**Problem details**
Copy the lines from the start of the records below through the line containing "Yayla Legurme Rice", both included, and leave out the pictures.
*** Exercise data ***
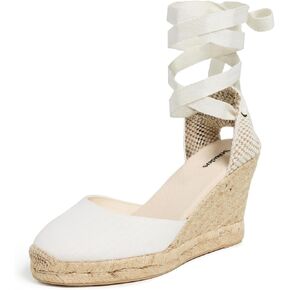Soludos Women's Marseille Wedge Espadrilles, Oasis White, 7.5 Medium US in Saudi Arabia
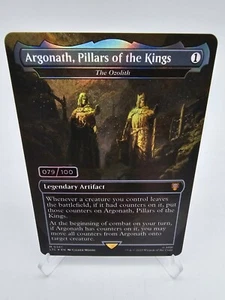 MTG Lord of the Rings Argonath, Pillars of the King The Ozolith Serial 079/100 - Bild 1 von 2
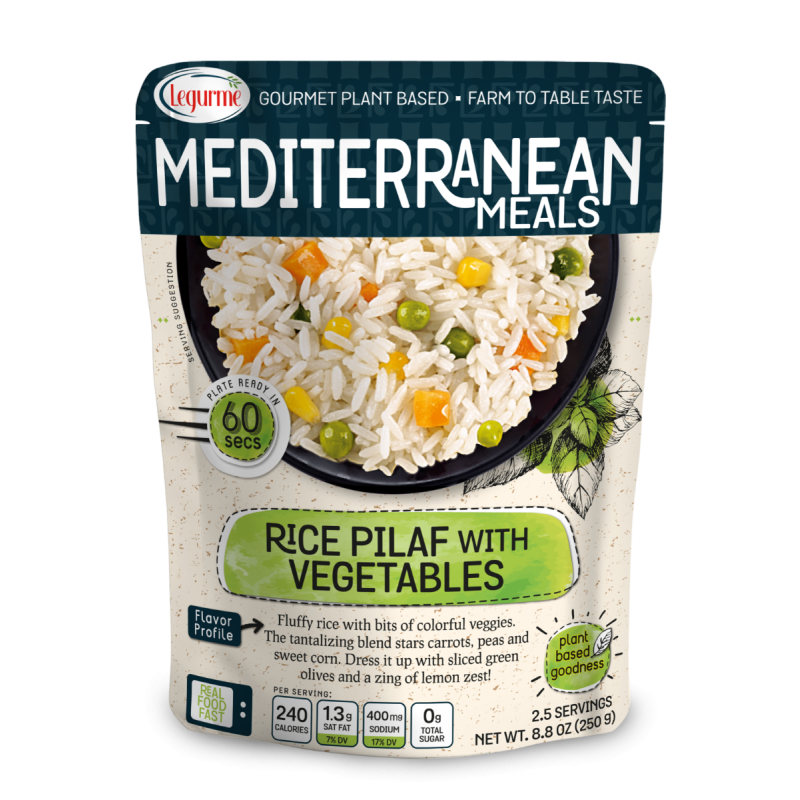 Yayla Legurme Rice with Vegetable Garnish – 250 g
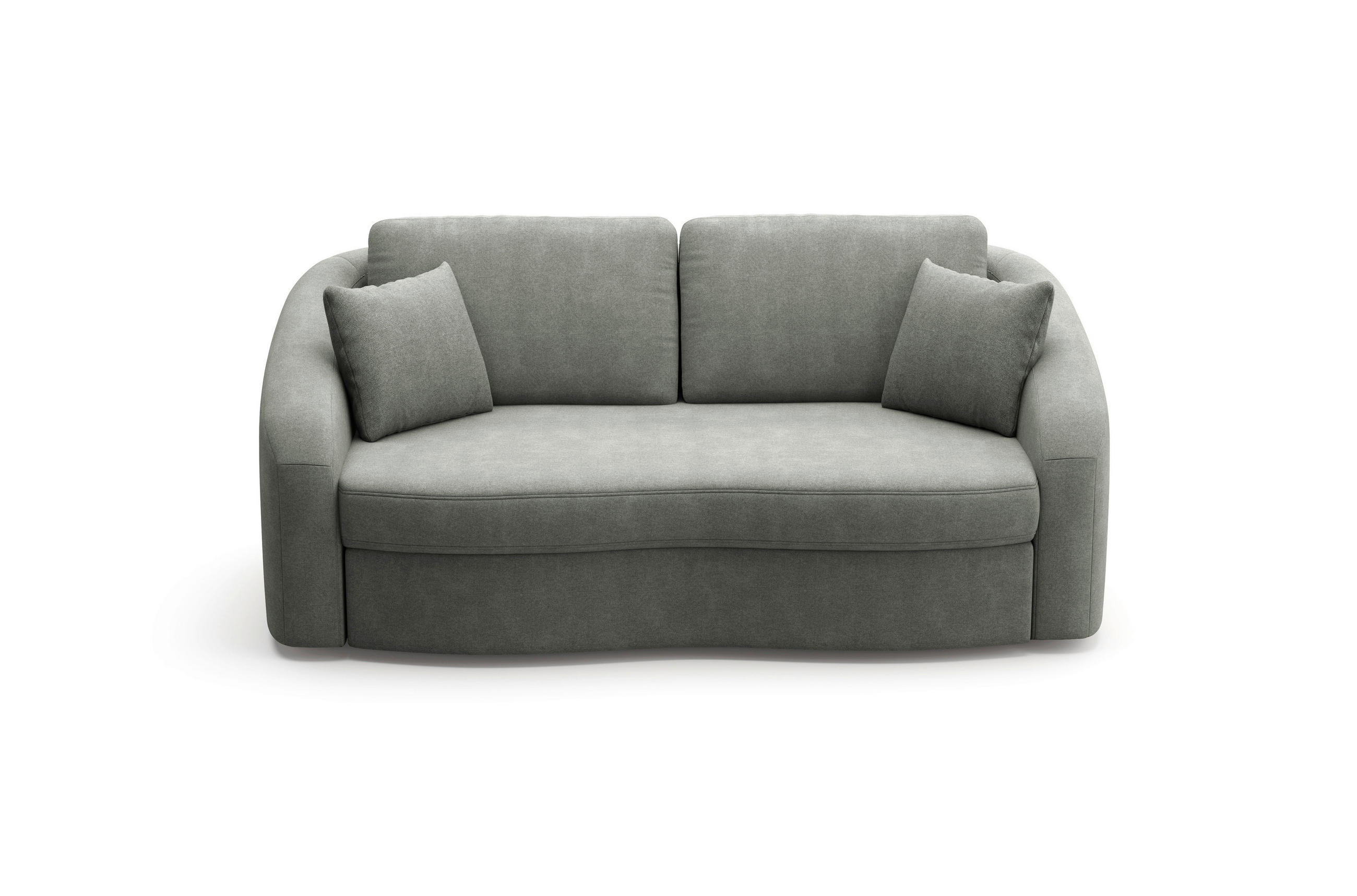 2,5-SITZER in Mikrofaser Schlammfarben  - Schlammfarben/Schwarz, Modern, Kunststoff/Textil (196/88/107cm) - Sit & More
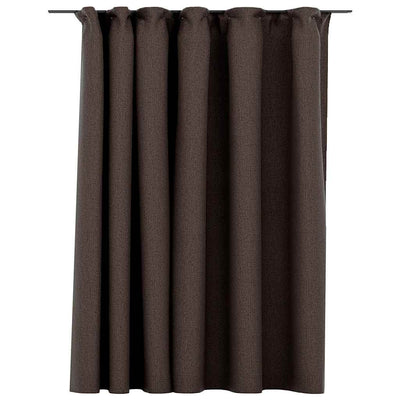 Vidaxl Curtain Lino se ve condenado con Haken 290x245 CM Tope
*** End of Exercise data ***
**Task result**
Soludos Women's Marseille Wedge Espadrilles, Oasis White, 7.5 Medium US in Saudi Arabia
 MTG Lord of the Rings Argonath, Pillars of the King The Ozolith Serial 079/100 - Bild 1 von 2
 Yayla Legurme Rice with Vegetable Garnish – 250 g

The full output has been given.